The emails, obtained via the Freedom of Information Act, show that the campaign to reassure the public about America’s nuclear industry came as the agency’s own experts were questioning U.S. safety standards and scrambling to determine whether new rules were needed to ensure that the meltdown occurring at the Japanese plant could not occur here.
At the end of that long first weekend of the crisis three years ago, NRC Public Affairs Director Eliot Brenner thanked his staff for sticking to the talking points that the team had been distributing to senior officials and the public.
“While we know more than these say,” Brenner wrote, “we’re sticking to this story for now.”
There are numerous examples in the emails of apparent misdirection or concealment in the initial weeks after the Japanese plant was devastated by a 9.0 earthquake and 50-foot tsunami that knocked out power and cooling systems at the six-reactor plant, eventually causing releases of radioactive material:
Trying to distance the U.S. agency from the Japanese crisis, an NRC manager told staff to hide from reporters the presence of Japanese engineers in the NRC’s operations center in Maryland.
If asked whether the Diablo Canyon Power Plant on the California coast could withstand the same size tsunami that had hit Japan, spokespeople were told not to reveal that NRC scientists were still studying that question. As for whether Diablo could survive an earthquake of the same magnitude, “We’re not so sure about, but again we are not talking about that,” said one email.
When skeptical news articles appeared, the NRC dissuaded news organizations from using the NRC’s own data on earthquake risks at U.S. nuclear plants, including the Indian Point Energy Center near New York City.
And when asked to help reporters explain what would happen during the worst-case scenario — a nuclear meltdown — the agency declined to address the questions.
As the third anniversary of Fukushima on Tuesday approaches, the emails pull back the curtain on the agency’s efforts to protect the industry it is supposed to regulate. The NRC officials didn’t lie, but they didn’t always tell the whole truth either. When someone asked about a topic that might reflect negatively on the industry, they changed the subject.
NBC News requested in late March 2011 all of the emails sent and received by certain NRC staffers during the first week of the crisis. Other news organizations and watchdogs filed similar requests.

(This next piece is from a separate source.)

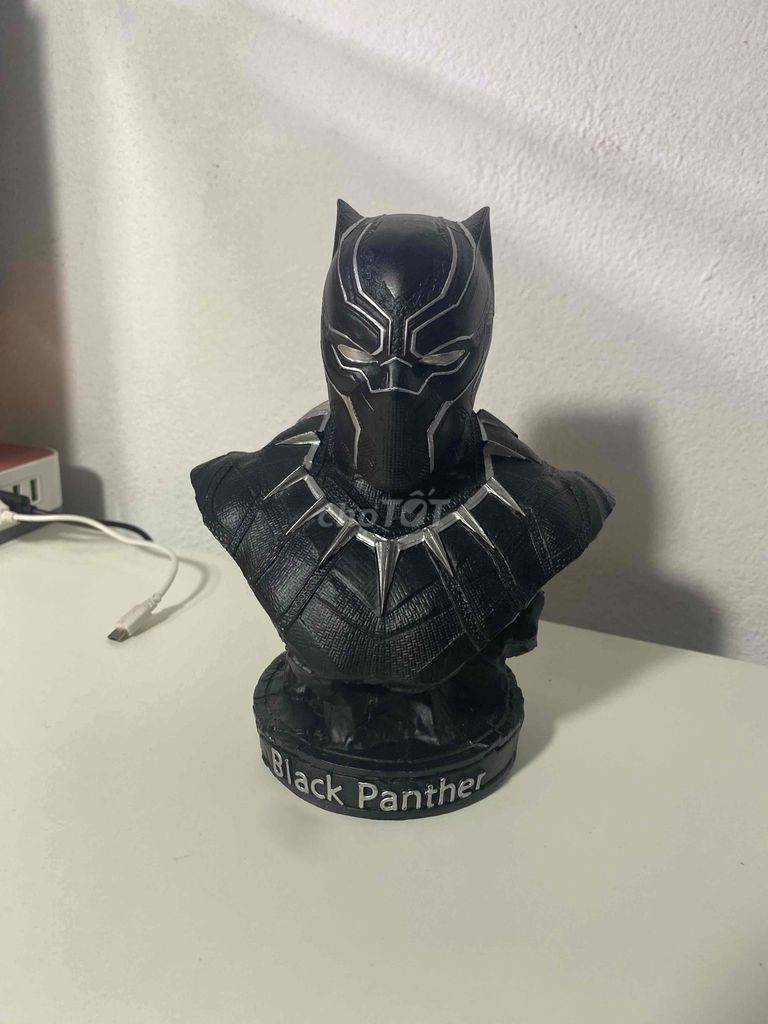 mô hình bán thân black panther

The NRC has now been posting thousands of emails in its public reading room over the past two years.
The NRC declined to discuss specific emails or communications. But Brenner provided an emailed statement: “The NRC Office of Public Affairs strives to be as open and transparent as possible, providing the public accurate information in the proper context. We take our communication mission seriously. We did then and we do now. The frustration displayed in the chosen e-mails reflects more on the extreme stress our team was under at the time to assure accuracy in a context in which information from Japan was scarce to nonexistent. These e-mails fall well short of an accurate picture of our communications with the American public immediately after the event and during the past three years.”
Dating back to the Three Mile Island nuclear crisis in 1979, many nuclear watchdogs and critics have said that the NRC acts first to protect the industry, and its own reputation. One critic said these emails solidify that perception.
“The NRC knew a lot more about what was going on than it wanted to tell the American people,” said Edwin Lyman, senior scientist at the nuclear watchdog group Union of Concerned Scientists and co-author of the new book “Fukushima: The Story of a Nuclear Disaster,” which relied on some of the same emails. “They immediately put out information that implied that U.S. reactors were in a better position to withstand Fukushima type events than Fukushima reactors were, but it was clear that the what the NRC knew internally was not nearly as positive.”